PETALING JAYA: The organisation set up in memory of Teoh Beng Hock has called for an investigation on possible corruption in an inquest into the death of the late DAP officer, following a recent graft charge slapped on the judge who presided over the inquest.
The Teoh Beng Hock Trust for Democracy said the government should conduct a probe “on the possible undue influence and monetary benefits” in the 2010 inquest presided by Sessions Court judge Azmil Muntapha Abas, who then issued an open verdict.
“The corruption charge shows the integrity of Azmil Muntapha Abas is questionable, and it raises doubt that there were undue influences and monetary benefits in previous cases ruled by him,” the trust’s chairman, Ng Geok Chee, said in a statement.
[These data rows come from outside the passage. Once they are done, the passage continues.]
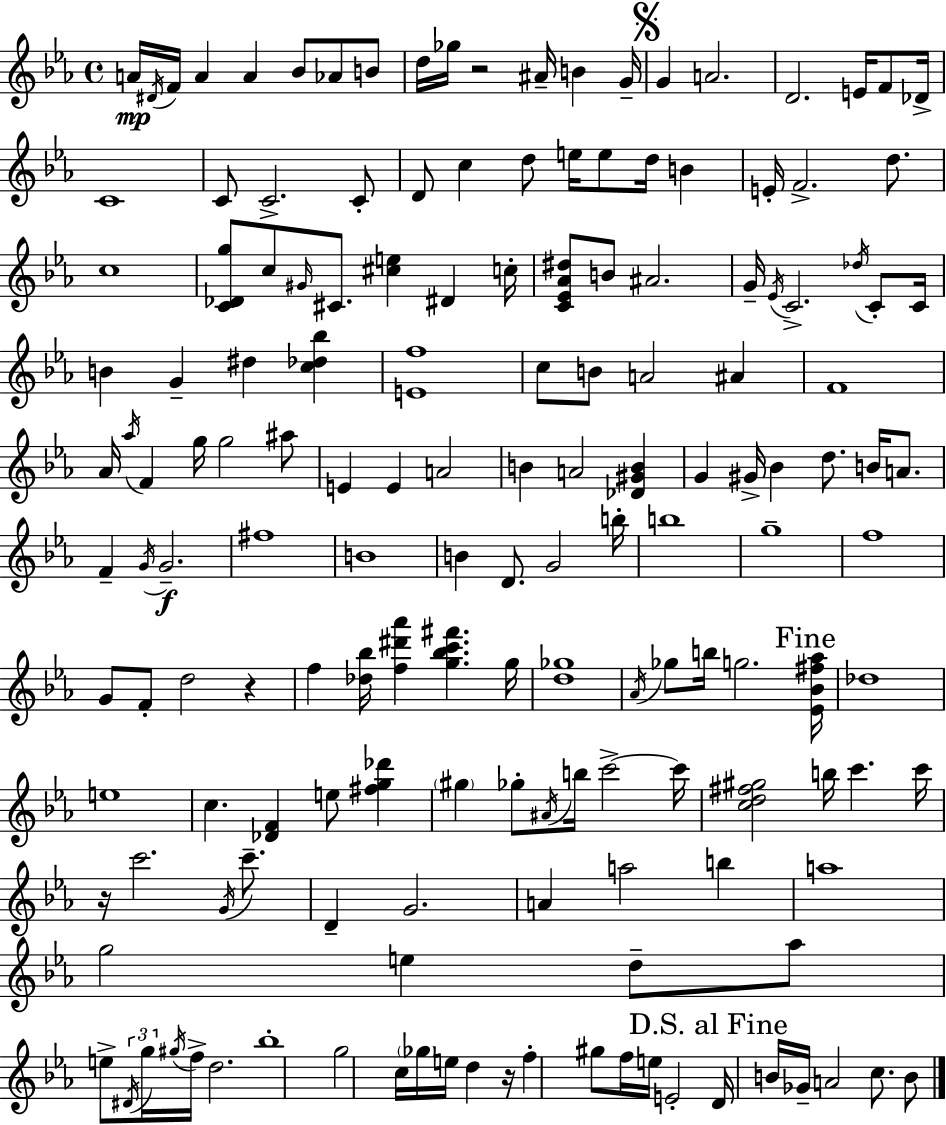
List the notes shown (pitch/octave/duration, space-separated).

A4/s D#4/s F4/s A4/q A4/q Bb4/e Ab4/e B4/e D5/s Gb5/s R/h A#4/s B4/q G4/s G4/q A4/h. D4/h. E4/s F4/e Db4/s C4/w C4/e C4/h. C4/e D4/e C5/q D5/e E5/s E5/e D5/s B4/q E4/s F4/h. D5/e. C5/w [C4,Db4,G5]/e C5/e G#4/s C#4/e. [C#5,E5]/q D#4/q C5/s [C4,Eb4,Ab4,D#5]/e B4/e A#4/h. G4/s Eb4/s C4/h. Db5/s C4/e C4/s B4/q G4/q D#5/q [C5,Db5,Bb5]/q [E4,F5]/w C5/e B4/e A4/h A#4/q F4/w Ab4/s Ab5/s F4/q G5/s G5/h A#5/e E4/q E4/q A4/h B4/q A4/h [Db4,G#4,B4]/q G4/q G#4/s Bb4/q D5/e. B4/s A4/e. F4/q G4/s G4/h. F#5/w B4/w B4/q D4/e. G4/h B5/s B5/w G5/w F5/w G4/e F4/e D5/h R/q F5/q [Db5,Bb5]/s [F5,D#6,Ab6]/q [G5,Bb5,C6,F#6]/q. G5/s [D5,Gb5]/w Ab4/s Gb5/e B5/s G5/h. [Eb4,Bb4,F#5,Ab5]/s Db5/w E5/w C5/q. [Db4,F4]/q E5/e [F#5,G5,Db6]/q G#5/q Gb5/e A#4/s B5/s C6/h C6/s [C5,D5,F#5,G#5]/h B5/s C6/q. C6/s R/s C6/h. G4/s C6/e. D4/q G4/h. A4/q A5/h B5/q A5/w G5/h E5/q D5/e Ab5/e E5/e D#4/s G5/s G#5/s F5/s D5/h. Bb5/w G5/h C5/s Gb5/s E5/s D5/q R/s F5/q G#5/e F5/s E5/s E4/h D4/s B4/s Gb4/s A4/h C5/e. B4/e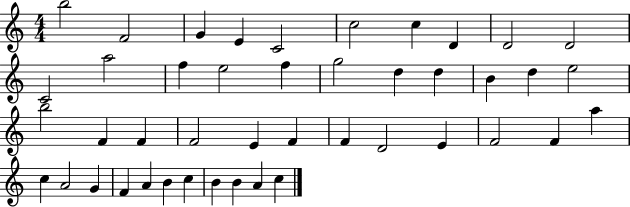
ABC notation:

X:1
T:Untitled
M:4/4
L:1/4
K:C
b2 F2 G E C2 c2 c D D2 D2 C2 a2 f e2 f g2 d d B d e2 b2 F F F2 E F F D2 E F2 F a c A2 G F A B c B B A c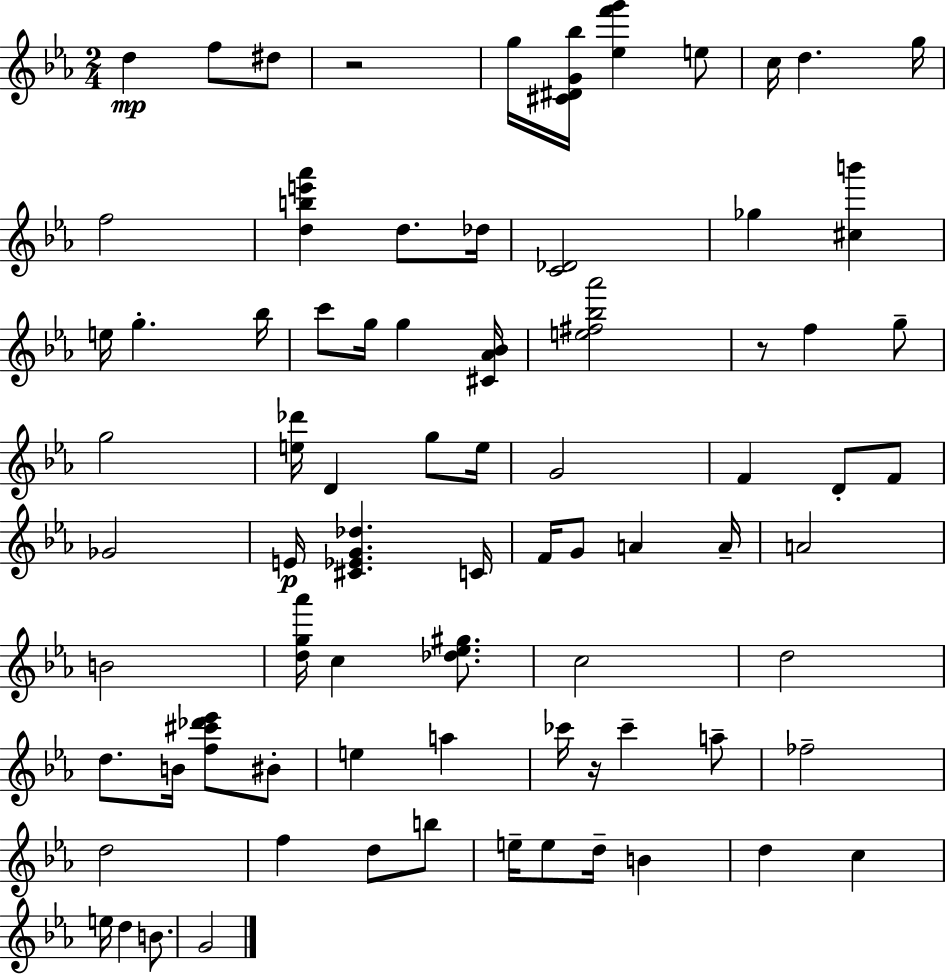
D5/q F5/e D#5/e R/h G5/s [C#4,D#4,G4,Bb5]/s [Eb5,F6,G6]/q E5/e C5/s D5/q. G5/s F5/h [D5,B5,E6,Ab6]/q D5/e. Db5/s [C4,Db4]/h Gb5/q [C#5,B6]/q E5/s G5/q. Bb5/s C6/e G5/s G5/q [C#4,Ab4,Bb4]/s [E5,F#5,Bb5,Ab6]/h R/e F5/q G5/e G5/h [E5,Db6]/s D4/q G5/e E5/s G4/h F4/q D4/e F4/e Gb4/h E4/s [C#4,Eb4,G4,Db5]/q. C4/s F4/s G4/e A4/q A4/s A4/h B4/h [D5,G5,Ab6]/s C5/q [Db5,Eb5,G#5]/e. C5/h D5/h D5/e. B4/s [F5,C#6,Db6,Eb6]/e BIS4/e E5/q A5/q CES6/s R/s CES6/q A5/e FES5/h D5/h F5/q D5/e B5/e E5/s E5/e D5/s B4/q D5/q C5/q E5/s D5/q B4/e. G4/h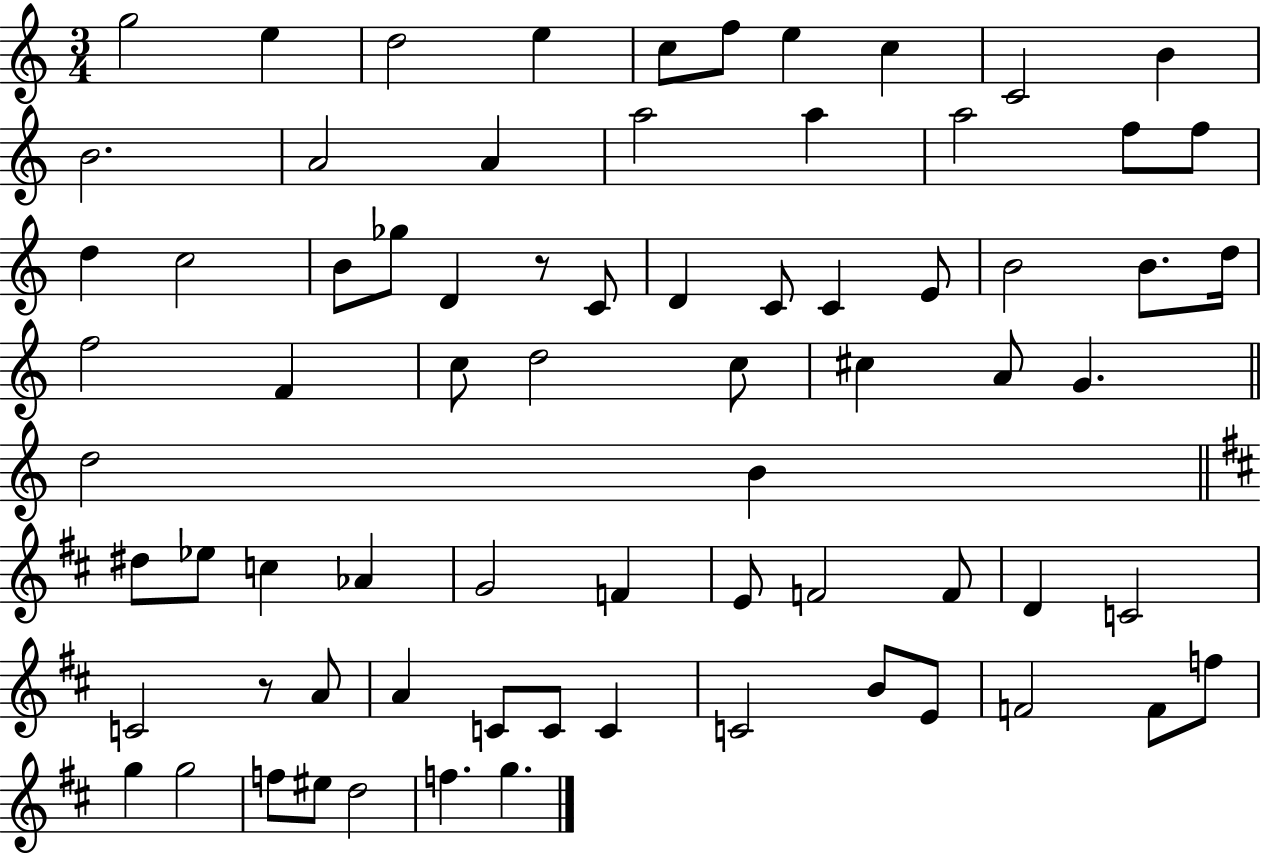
G5/h E5/q D5/h E5/q C5/e F5/e E5/q C5/q C4/h B4/q B4/h. A4/h A4/q A5/h A5/q A5/h F5/e F5/e D5/q C5/h B4/e Gb5/e D4/q R/e C4/e D4/q C4/e C4/q E4/e B4/h B4/e. D5/s F5/h F4/q C5/e D5/h C5/e C#5/q A4/e G4/q. D5/h B4/q D#5/e Eb5/e C5/q Ab4/q G4/h F4/q E4/e F4/h F4/e D4/q C4/h C4/h R/e A4/e A4/q C4/e C4/e C4/q C4/h B4/e E4/e F4/h F4/e F5/e G5/q G5/h F5/e EIS5/e D5/h F5/q. G5/q.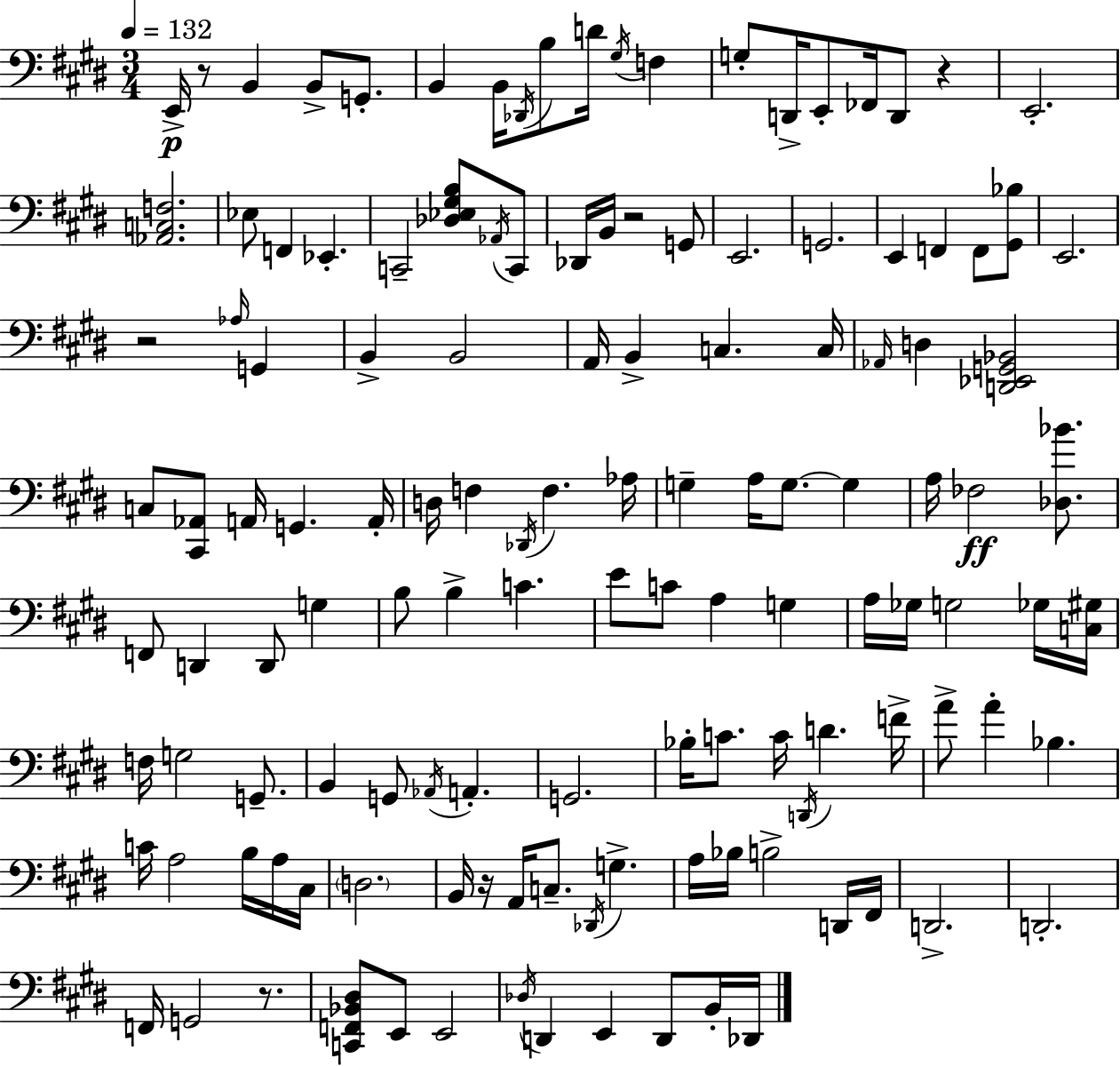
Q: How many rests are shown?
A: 6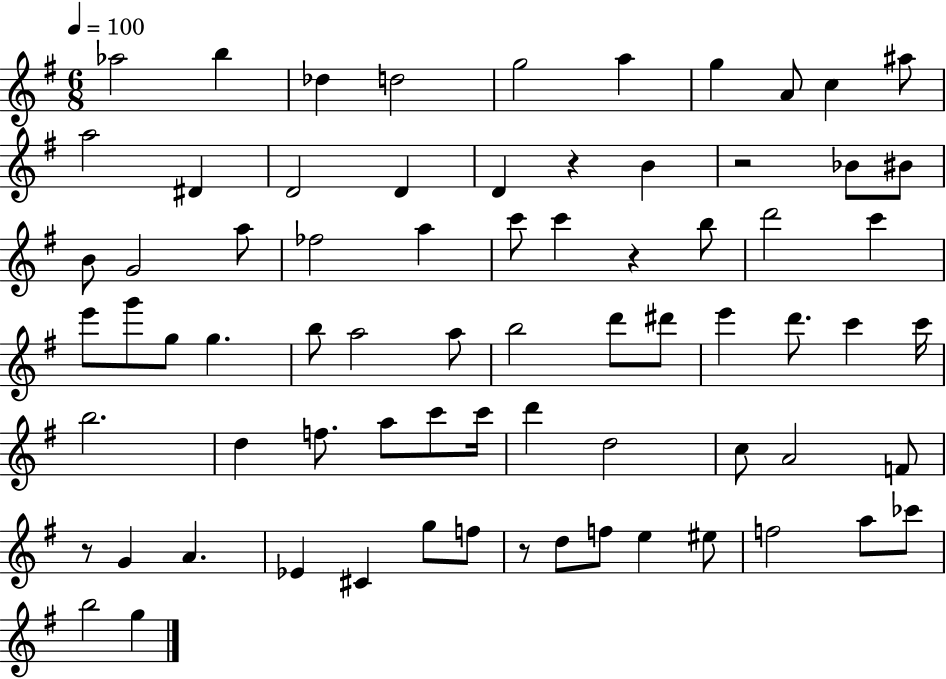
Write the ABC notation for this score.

X:1
T:Untitled
M:6/8
L:1/4
K:G
_a2 b _d d2 g2 a g A/2 c ^a/2 a2 ^D D2 D D z B z2 _B/2 ^B/2 B/2 G2 a/2 _f2 a c'/2 c' z b/2 d'2 c' e'/2 g'/2 g/2 g b/2 a2 a/2 b2 d'/2 ^d'/2 e' d'/2 c' c'/4 b2 d f/2 a/2 c'/2 c'/4 d' d2 c/2 A2 F/2 z/2 G A _E ^C g/2 f/2 z/2 d/2 f/2 e ^e/2 f2 a/2 _c'/2 b2 g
Azmil, a judge at the Kuala Kubu Baru Sessions Court, was charged early this month with accepting a bribe amounting RM17,500 in the release of undocumented migrant workers.
His open verdict in the 2011 inquest ruled that Teoh’s death was neither a suicide nor a homicide.
An appeals court overturned the verdict in 2014, ruling that Teoh’s death was caused by a fall as a result of, or accelerated by, an unlawful act or acts of persons unknown.
In 2009, Teoh, who was aide to then DAP assemblyman Ean Yong Hian Wah, was found dead on the fifth floor of Plaza Masalam in Shah Alam, hours after he was interrogated by the Malaysian Anti-Corruption Commission (MACC) at its office on the 14th floor of the same building.
A royal commission of inquiry concluded that Teoh was driven to suicide by the aggressive interrogation methods used by MACC officers.
The Teoh Beng Hock trust said any re-investigation of his death must probe all available clues and persons involved in the case, including MACC officers, policemen, coroner, pathologist and others.